What a joke. Seriously, Regent's twisted. Was everything just a ploy to get me to help them out? That's ridiculous, right? He didn't need to go through all this trouble.

The wind was cold against my skin as I walked, the sun's rays slowly vanishing beyond the line of the horizon. Brockton always got cold at night; it was just kind of a depressing city at times. I had a destination in mind, but it was a bit further then I wanted to walk - that aloha bastard didn't seem to want to set up anywhere else. Did he really like that abandoned building so much?

I missed Kiss-Shot.

No, I missed my friend, Kiss-Shot. Not the one I'd fought. I missed that innocent and naive girl who was so hopeful it made you want to die. I missed the girl who said so much and so little in such a short period of time.

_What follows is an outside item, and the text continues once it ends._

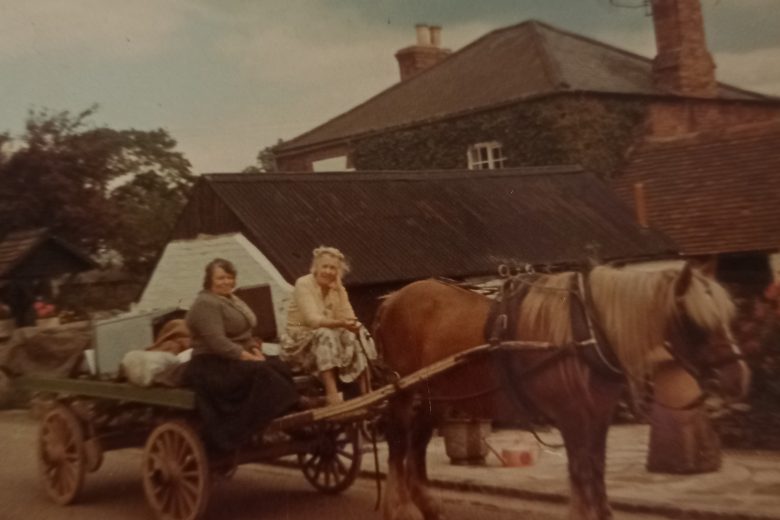 Old coloured photograph of two women sat in a horse-drawn wooden cart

It was always things like this that made me think of her.

Betrayals.

Arrogance.

The way humans treat each other.

Was she right? Were we truly all so terrible that we deserved to be ruled? I didn't want to believe it, but somehow, thinking of how those two had just treated me…

I shook my head to free my mind of those thoughts, my lips set in a firm line. I didn't believe that, even for a second. People are kind to each other, even when they don't want to be. People are polite, even when others are cruel. As a point of reference -

When I entered the abandoned building, I saw a man in an aloha shirt standing next to a plain-looking girl with glasses. The two were sitting on a bench near a leafless tree in the center of the courtyard, the stars visible through the hole in the roof. The tree was bare of bark, of color, and it seemed like life itself went against it. But when I looked closer, my skin crawled; it was covered in bugs. Ants raced up and down the branches, spiders spun webs between the cracks, centipedes crawled out of holes. Taylor's power was creepy.

"Hey there, Araragi-kun," Oshino waved at me from his seat with a smile as he put a cigarette in his mouth and let it dangle. "Hebert-chan was just telling me how terrible you've been to her."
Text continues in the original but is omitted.